PM: India to double renewable energy capacity by 2017

India's Prime Minister Vows to Double Renewable Energy Capacity 

By Jeff Postelwait, Associate Editor, Electric Light & Power |  April 18, 2013 

India will seek to double the amount of renewable energy it can generate to 55 GW in the next four years, Prime Minister Manmohan Singh said in his inaugural address. 

"It is proposed to double the renewable energy capacity in our country from 25,000 MW in 2012 to 55,000 MW by the year 2017. This would include exploiting non-conventional energy sources such as solar, wind power and energy from biomass," Singh said. 

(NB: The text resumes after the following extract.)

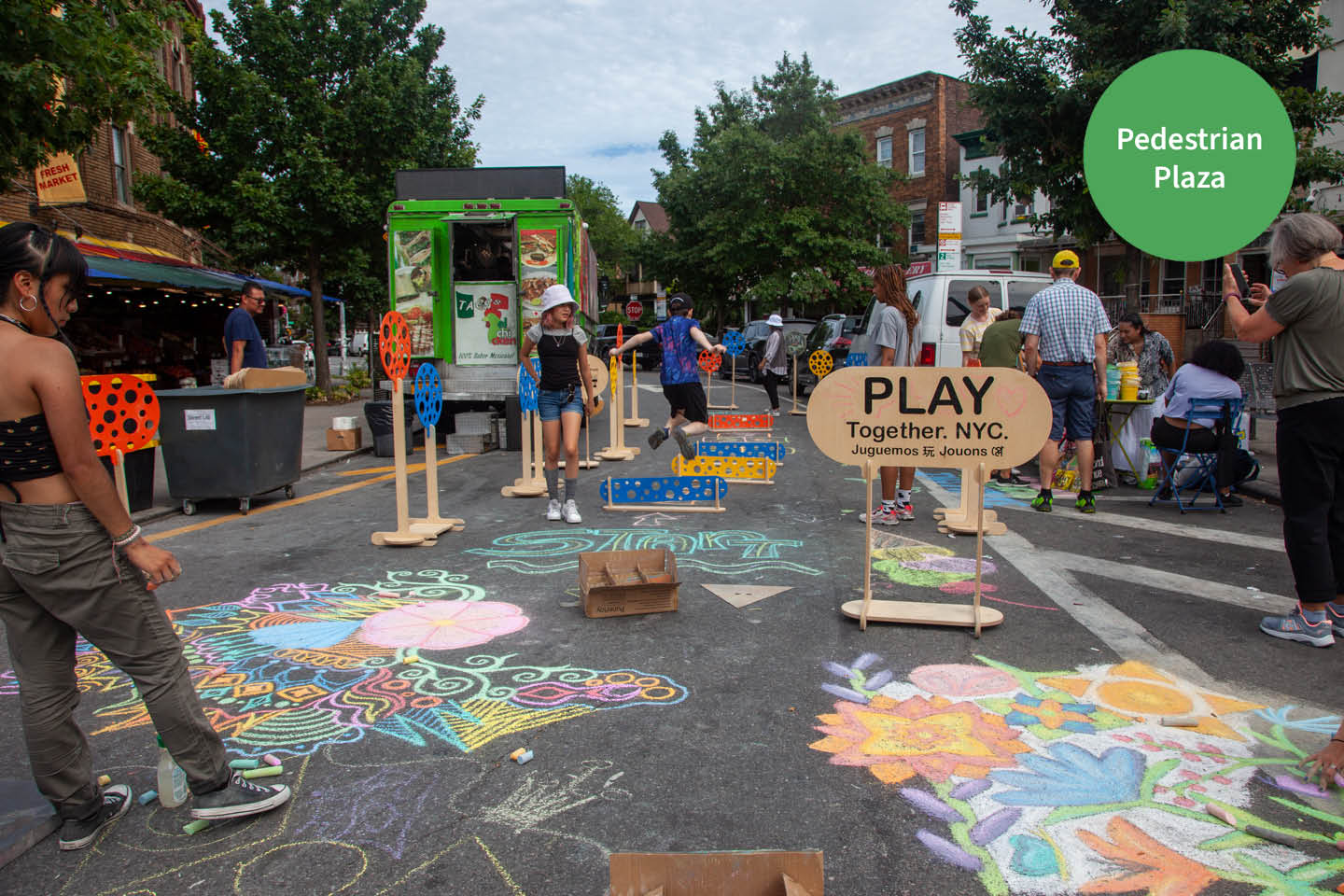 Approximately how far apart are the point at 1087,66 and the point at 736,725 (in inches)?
580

These initiatives were announced as part of the prime minister's presentation of India's 12th Five Year Plan. 

Developed countries are the ones best poised to help meet the challenge of climate change, he said, adding that India has set a goal of cutting its energy use by 20 to 25 percent by 2020 by increasing its energy efficiency. 

Another measure the prime minister called for is an international research and development center for solar energy. This National Institute of Solar Energy could be operational by 2015, he said. Research into solar thermal and solar photovoltaic would be part of this initiative. 

The price of producing solar power was cut in half over the past two years, he said, going on to acknowledge that fossil-fired power generation, such as coal power, is still less expensive. The difference, he said could be made up for with subsidies. 

About 87.5 percent of India's electricity is generated from non-renewable sources. Coal constitutes 57 percent of India's installed capacity. 

In December 2011, over 300 million Indian citizens had no access to electricity — most of these residents are from rural areas. 

This article was originally published on Electric Light & Power and was republished with permission. 

Comment by Anumakonda Jagadeesh 

We,People involved in the Renewable Energy research and promotion welcome your statement, “India will seek to double the amount of renewable energy it can generate to 55 GW in the next four years”. 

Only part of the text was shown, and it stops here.